* _Work instructions_:
Copy nothing but the lines from the line with "中学入試合格データ 平成13年度 首都圏版 [単行本]" to the end of the records, retyped exactly. Pictures stay out.

** Data to process follows **

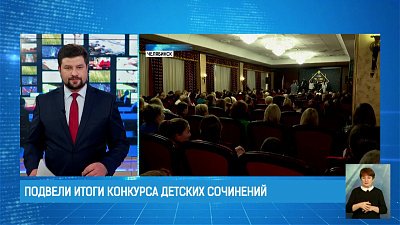 Подвели итоги конкурса детских сочинений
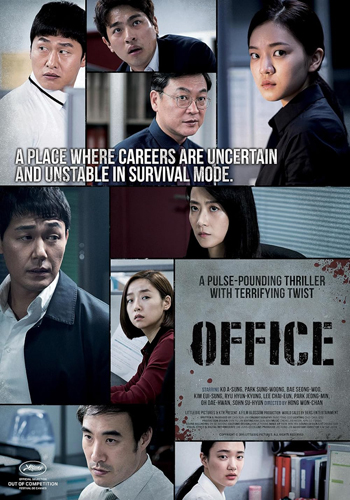 فيلم Office 2015 مترجم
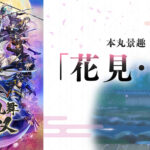 ＜DLC＞本丸景趣「花見・夜」（刀剣乱舞無双）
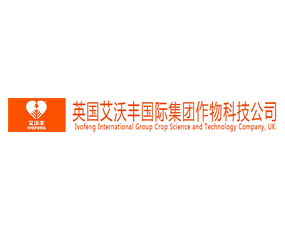 河南艾沃豐生物科技有限公司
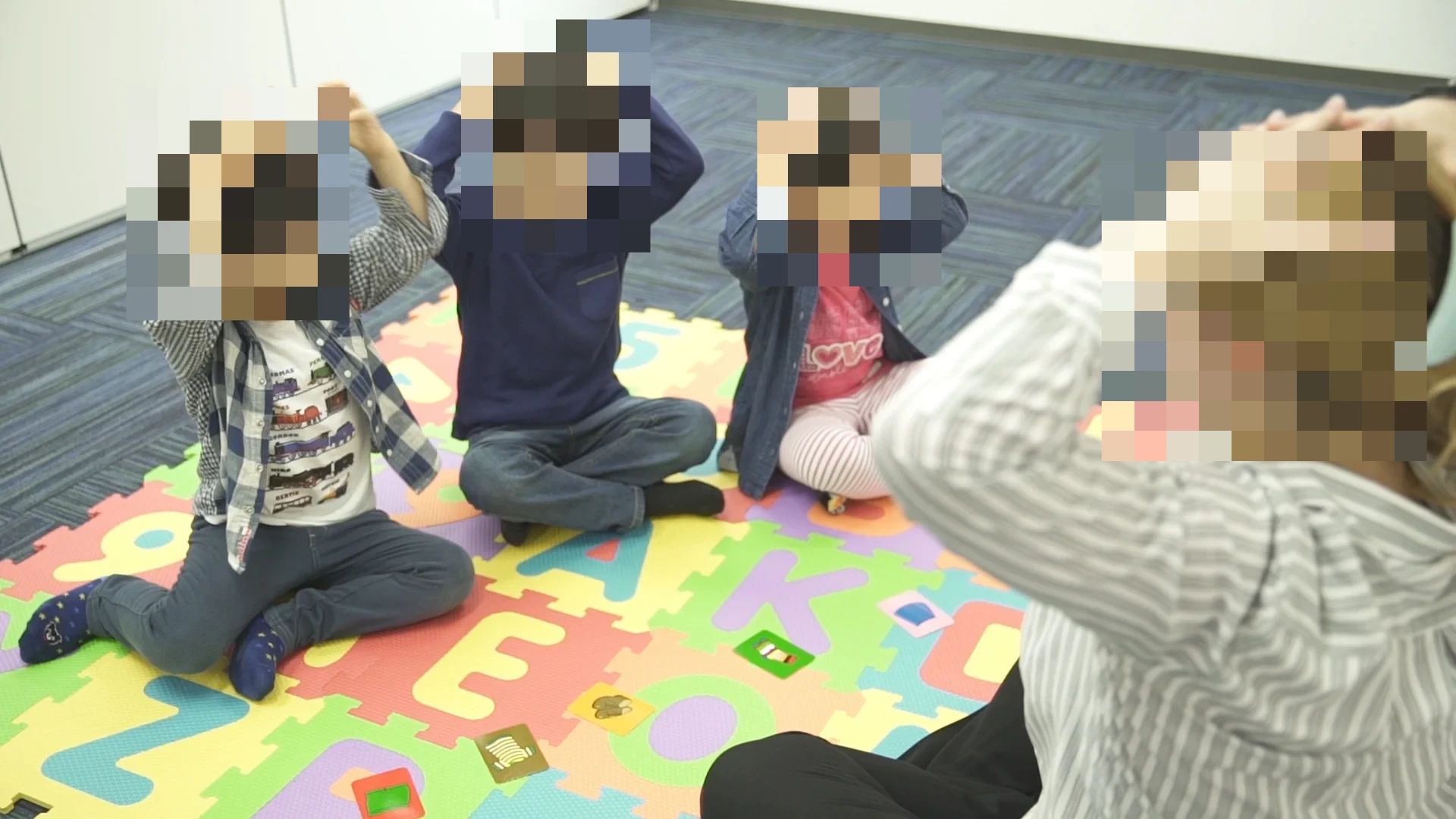 シェーン英会話 たまプラーザ校のサムネイル画像 4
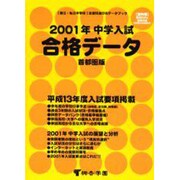 中学入試合格データ 平成13年度 首都圏版 [単行本]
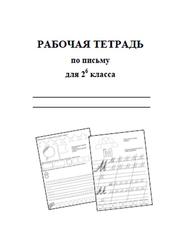 Рабочая тетрадь по письму для 2 б класса, Лапшина Л.М., Левченко В.А., 2016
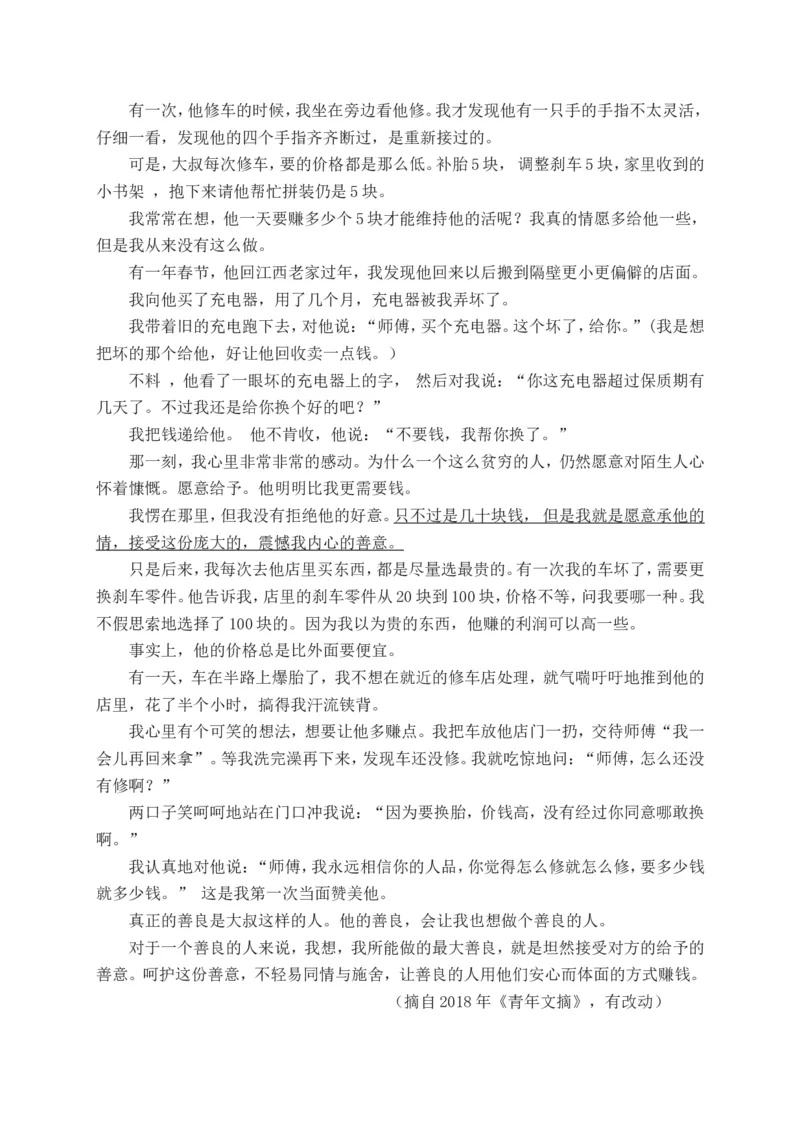 2018年广西柳州市中考语文试卷及答案_中考真题_1.语文中考真题2015-2024年_地区卷_广西省_柳州中考语文10-22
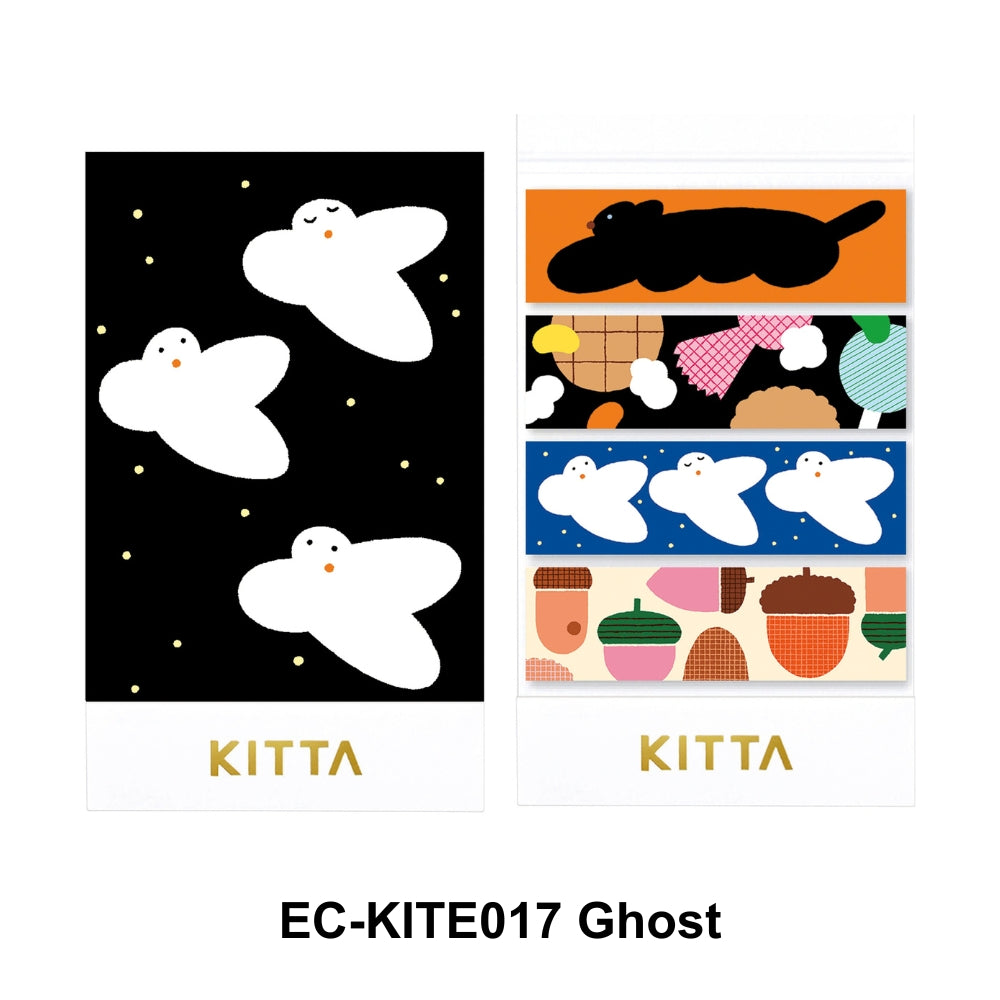 KITTA Basic Limited (Halloween 2026)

** End of Data to process **

* _Written answer_:
 中学入試合格データ 平成13年度 首都圏版 [単行本]
 Рабочая тетрадь по письму для 2 б класса, Лапшина Л.М., Левченко В.А., 2016
 2018年广西柳州市中考语文试卷及答案_中考真题_1.语文中考真题2015-2024年_地区卷_广西省_柳州中考语文10-22
 KITTA Basic Limited (Halloween 2026)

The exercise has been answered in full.